Once the questions begin, they are hard to stop. Aren’t the numbers fudged? Isn’t the U.S. running the biggest trade deficit in history? Aren’t US consumers the most heavily indebted in the world? And haven’t US corporations suffered their worst drop in capital investment and earnings since WWII?

Under the circumstances, why give US assets any premium? Shouldn’t they be given a discount instead?

As we said yesterday, we have no problem with the scheme of things – the loop of global cash and credit that hoists up US asset price. But we have no reason to think it will last forever either.

"Buy stock in Microsoft today," says an email message I got from Dick Young recently, "and, frankly, I don’t see how you can miss long term."

"I’M SURE YOU’VE heard of Microsoft’s ‘Xbox’ by now," he continues. "It’s Bill Gate’s first foray on his new crusade. This "game console" is actually a full- fledged computer in disguise – and the cheapest one on the market at that. It has an internal hard drive, a screaming 733-MHz processor, Internet capabilities, 10 gigabytes of storage space, and it even plays DVDs.

"You see, this first-generation Xbox – with increasingly powerful models to quickly follow – is just the beginning of Bill Gate’s plan to MONOPOLIZE home entertainment and personal computing.

"The man who defined how computers would operate – crushing Apple and Steve Job’s dreams in the process – is about to REDEFINE the computer itself. His vision takes it off the desktop — taking up where Michael Dell left off – to integrate PC power into every facet of your everyday life."

Here at the Daily Reckoning, we wouldn’t know an Xbox from a box of Kleenex. But it sounds like just what we’ve been waiting for – PC power in every facet of our daily lives.

We’re not so sure about buying Microsoft, though. The company’s earnings have gone nowhere in the last four years. But its stock is still trading at 58 times earnings.

But wait. Alan Newman of Crosscurrents notes that Microsoft’s earnings aren’t much better than those of other US companies. If they were reported on a GAAP basis, Microsoft would be trading at more than 100 times earnings. If you were buying the whole company, in other words, at today’s price you’d have to wait until the 22nd century to recover your purchase money from earnings – that is, if everything went well.
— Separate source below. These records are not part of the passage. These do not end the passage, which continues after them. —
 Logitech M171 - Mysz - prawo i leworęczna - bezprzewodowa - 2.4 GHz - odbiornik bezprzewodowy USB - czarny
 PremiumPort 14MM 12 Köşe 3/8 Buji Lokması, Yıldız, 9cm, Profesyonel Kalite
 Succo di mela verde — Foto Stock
Speaking of which… it’s time to ask Eric. How are things going on Wall Street?

*****

Eric Fry in Manhattan…

– "Cash is trash," the CNBC commentators screamed at their viewers yesterday. Those that had not muted their TV sets months ago acted on the shrill advice by piling into the stock market.

– Is cash really trash? Or, on the contrary, is rushing in to buy over-priced stocks a good way to "trash" your cash? We’ll see.
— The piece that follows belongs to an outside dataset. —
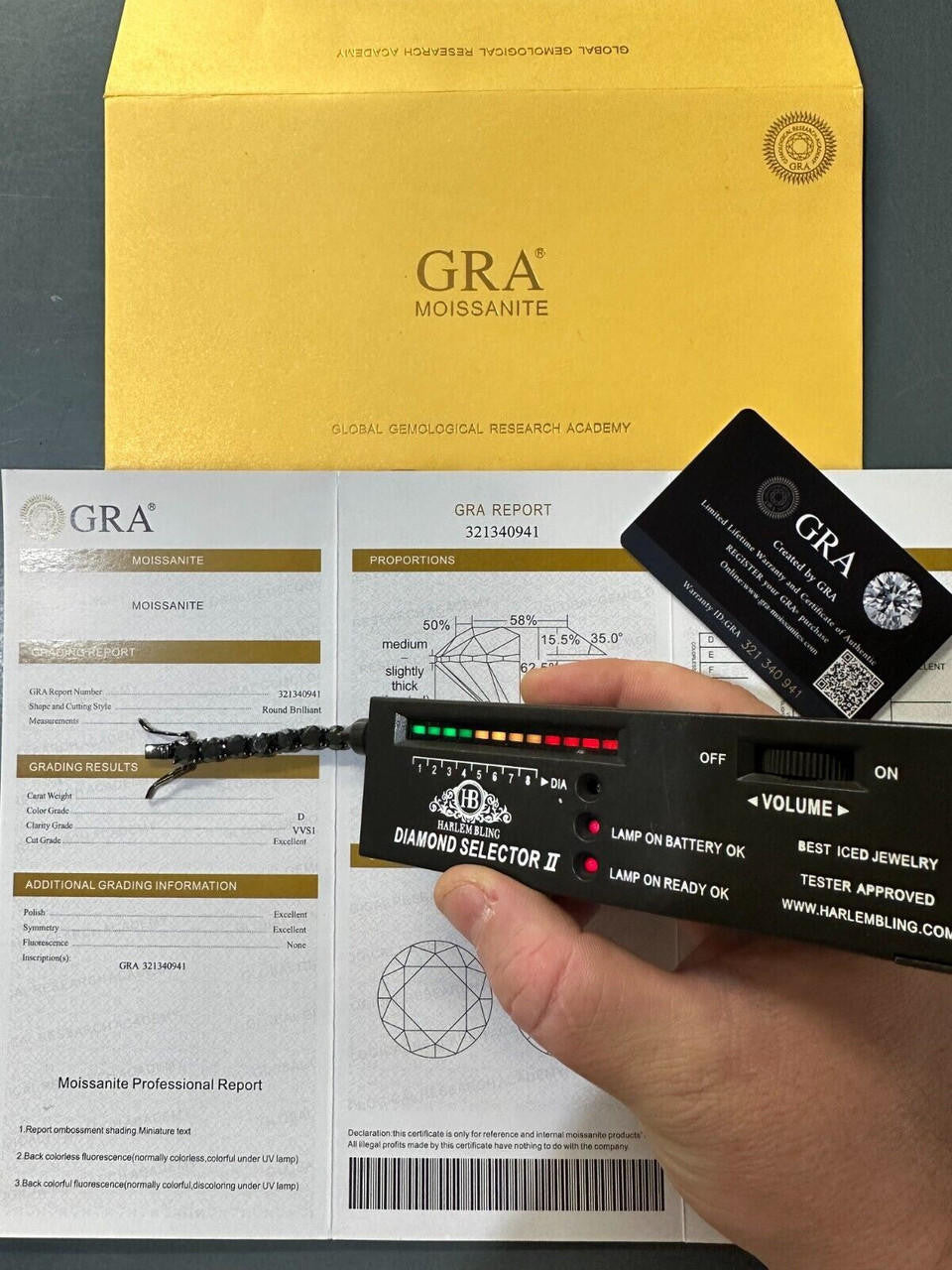 Real Black MOISSANITE 7mm Tennis Bracelet Oxidized Black Rhodium Over 925 Silver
– There was nothing trashy about the stock market yesterday. The Dow reversed Tuesday’s fluky decline to resume its winning ways. The Blue Chips gained 140 points to 10,574, while the Nasdaq tacked on 24 points to 1,890.

– Not even bad news could dampen the stock-buying fever. No matter how many legal rulings JP Morgan Chase loses, folks keep snapping up shares of the troubled banking giant. Yesterday, the stock jumped another 4.7%, bringing its advance over the last two weeks to more than 25%.

– This, despite the fact that a Federal judge on Tuesday rebuffed JP Morgan’s bid to force 11 insurers to pay up immediately on $965 million of surety bonds related to Enron oil and gas contracts. Judge Rakoff said the insurers presented enough evidence showing that the bonds were the product of fraud by JP Morgan for him to deny the bank’s bid for immediate payment.

– "These arrangements now appear to be nothing but a disguised loan – or at least have sufficient indicia thereof that the Court could not possibly grant summary judgment to plaintiff," he said.

– "Judge Rakoff’s ruling is the second time in eight days that Chase has lost a procedural motion in court involving its trading business with Enron," the New York Times reports. On February 26, a different Federal judge in Manhattan denied a motion by Morgan to block discovery by the plaintiff, German bank WestLB. It seems the unwitting German lender issued a letter of credit worth hundreds of millions of dollars for a transaction last fall between Chase and Enron.

– The letter is now worth nothing, of course.

– "After hearing evidence presented by WestLB," says the Times, "Judge Griesa announced from the bench that WestLB had presented ‘a sufficiently particularized allegation of fraud’ to merit further discovery."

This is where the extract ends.